Un Victor Hugo jovencísimo escribió en su cuaderno escolar la frase que lo resumía todo, la frase que hace entender hasta qué punto un libro puede llegar a serlo todo en esta y en la otra vida. “Ser Chateaubriand o nada”, escribe porque ha leído las Memorias de ultratumba. Lamartine le adora porque ve en él al aristócrata, al mejor hombre, a la leyenda viva, al modelo a seguir, al futuro. Ninguna otra vida parece más rutilante, más plena, ni más ni mejor aprovechada. Cuando en 1836, completamente arruinado, François-René de Chateaubriand vende el voluminoso manuscrito de sus todavía inacabadas Memorias de ultratumba, está ofreciendo la única propiedad que le queda y que, sin embargo, es lo más valioso: su vida vivida, su fama.

La fama de una vida ejemplar, la de un paladín de la libertad, escrita con el entusiasmo de quien sabe que enamora, que es fascinante, incluso con la falsedad, a veces, del hábil seductor, con la ironía del hombre que dispone de cordura y criterio, con el lenguaje de la gran elocuencia, con la alegría interior del individuo desacomplejado. Chateaubriand comienza su libro eterno con el episodio de su presentación en la corte de Luis XVI, vástago de una aristocrática familia, uno de los remotos fundadores de la cual participó en la legendaria cruzada de san Luis. Encontramos el relato de su infancia en el castillo de Combourg, la adolescencia dorada de un muchacho de buena familia, la gran complicidad con su hermana Lucile, compañera de juegos, sueños y melancolías. Y de algo más también, claro, claro que sí, el muy pícaro. Chateubriand será desde muy joven fiel a los principios antiguos de la monarquía pero sin ser nunca un carca y, tras la toma de la Bastilla, decidirá evitar la dictadura del Terror con un fascinante viaje a Estados Unidos, admirable democracia y punta de lanza de la modernidad. Vindicará por toda Europa esa exótica nación poblada de cocodrilos, indios y secuoyas, el Misisipi, las pieles de castor, el jamón de oso o el jarabe de arce. Los viajes serán constantes, frenéticos en la vida de Chateaubriand. Visitará Oriente hasta llegar a Jerusalén, y por toda Europa, Italia, Gran Bretaña, Granada. Siempre, claro, con un febril dinamismo viajero, una de las características de su personalidad caballeresca, una errancia aventurera que se inspira, en el Orlando furioso, la gran inspiración de Cervantes.

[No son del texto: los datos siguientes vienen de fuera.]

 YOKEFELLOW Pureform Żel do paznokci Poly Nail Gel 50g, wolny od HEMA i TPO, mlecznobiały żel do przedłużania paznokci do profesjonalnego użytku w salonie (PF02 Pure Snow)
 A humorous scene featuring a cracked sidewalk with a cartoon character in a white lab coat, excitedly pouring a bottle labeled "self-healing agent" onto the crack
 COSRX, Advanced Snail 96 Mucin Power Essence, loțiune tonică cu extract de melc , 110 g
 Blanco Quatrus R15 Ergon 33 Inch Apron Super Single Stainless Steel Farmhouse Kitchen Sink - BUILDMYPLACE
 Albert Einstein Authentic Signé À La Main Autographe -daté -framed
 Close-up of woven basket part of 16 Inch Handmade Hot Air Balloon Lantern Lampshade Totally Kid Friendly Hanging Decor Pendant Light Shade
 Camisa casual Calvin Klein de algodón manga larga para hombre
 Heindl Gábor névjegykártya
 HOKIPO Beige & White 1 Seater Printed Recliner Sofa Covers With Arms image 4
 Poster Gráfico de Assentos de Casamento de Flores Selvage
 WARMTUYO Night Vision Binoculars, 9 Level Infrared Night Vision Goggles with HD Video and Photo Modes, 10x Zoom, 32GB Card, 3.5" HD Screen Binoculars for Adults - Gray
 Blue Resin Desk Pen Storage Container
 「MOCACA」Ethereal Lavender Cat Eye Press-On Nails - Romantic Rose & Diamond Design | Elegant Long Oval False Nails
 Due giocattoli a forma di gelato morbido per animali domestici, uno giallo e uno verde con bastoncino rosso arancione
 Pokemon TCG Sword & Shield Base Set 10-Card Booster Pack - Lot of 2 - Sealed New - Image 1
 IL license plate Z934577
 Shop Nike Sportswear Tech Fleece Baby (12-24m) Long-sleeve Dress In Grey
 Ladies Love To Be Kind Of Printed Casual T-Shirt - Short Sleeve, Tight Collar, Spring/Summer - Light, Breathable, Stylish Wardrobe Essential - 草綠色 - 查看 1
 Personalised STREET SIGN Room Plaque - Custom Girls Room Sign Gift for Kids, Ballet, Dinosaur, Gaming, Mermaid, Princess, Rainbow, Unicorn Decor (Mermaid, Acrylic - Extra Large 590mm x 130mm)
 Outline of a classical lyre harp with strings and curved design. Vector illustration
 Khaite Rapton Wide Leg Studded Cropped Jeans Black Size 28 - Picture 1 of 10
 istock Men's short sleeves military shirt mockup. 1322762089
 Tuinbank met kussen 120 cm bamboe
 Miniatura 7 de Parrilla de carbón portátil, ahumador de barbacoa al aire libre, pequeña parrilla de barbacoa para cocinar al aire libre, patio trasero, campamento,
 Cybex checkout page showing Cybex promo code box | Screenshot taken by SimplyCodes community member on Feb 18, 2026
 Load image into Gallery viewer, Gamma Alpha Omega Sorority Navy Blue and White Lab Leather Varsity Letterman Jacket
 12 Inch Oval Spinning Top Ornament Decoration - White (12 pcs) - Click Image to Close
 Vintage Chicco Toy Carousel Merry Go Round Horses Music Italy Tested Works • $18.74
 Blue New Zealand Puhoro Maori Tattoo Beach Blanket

A escopetazos Chateaubriand se opondrá a la Revolución francesa y, después de haber sido derrotado, se exiliará a Inglaterra, donde vive la primera de sus grandes historias de seductor, donde se familiarizará con la literatura inglesa y, especialmente, con Lord Byron. Retorna a Francia cuando Napoleón vuelve al poder, al que admirará y adularà hasta 1804, cuando ejecutan al duque de Enghien, un destacado monárquico. Durante la restauración borbónica será un fastuoso embajador —en la legación de Londres su cocinera Montmirel inventará el famoso corte de carne Chateaubriand y el pastel diplomático— e incluso llegará a ser nombrado ministro de Asuntos Exteriores, y por lo tanto responsable de la intervención de los Cien Mil Hijos de San Luis en España. Pronto será apartado del gobierno, despreciado, atacado por sus críticas a la monarquía, al gobierno del rey, porque nunca fue un carca, porque estaba contaminado de americanismo, porque creía de manera insobornable en la democracia. Sí, Chateaubriand descubre que más divina que la monarquía es la democracia, el gobierno del pueblo. Las amantes que tiene no le abandonarán jamás, quizá porque a pesar de ser un hombre menudo siempre las acaba fascinando, como a Madame de Duras, a Pauline de Beaumont, a Delphine de Custine, a Natalie de Noailles, grandes mujeres que le amaron siempre, desmesuradamente. Y por encima de todas, Juliette Récamier, promotora de estas Memorias que hoy se leen como una extraordinaria aventura vital. Morirá abrazado a su amada en 1848. Hoy quisiera haber vuelto a visitar su tumba de granito azul, en el islote del Grand Bé, en la costa bretona. Es muy impresionante, como la epopeya de su vida escrita. Las olas la golpean con fuerza, con poderosa insistencia, con una fuerza casi literaria.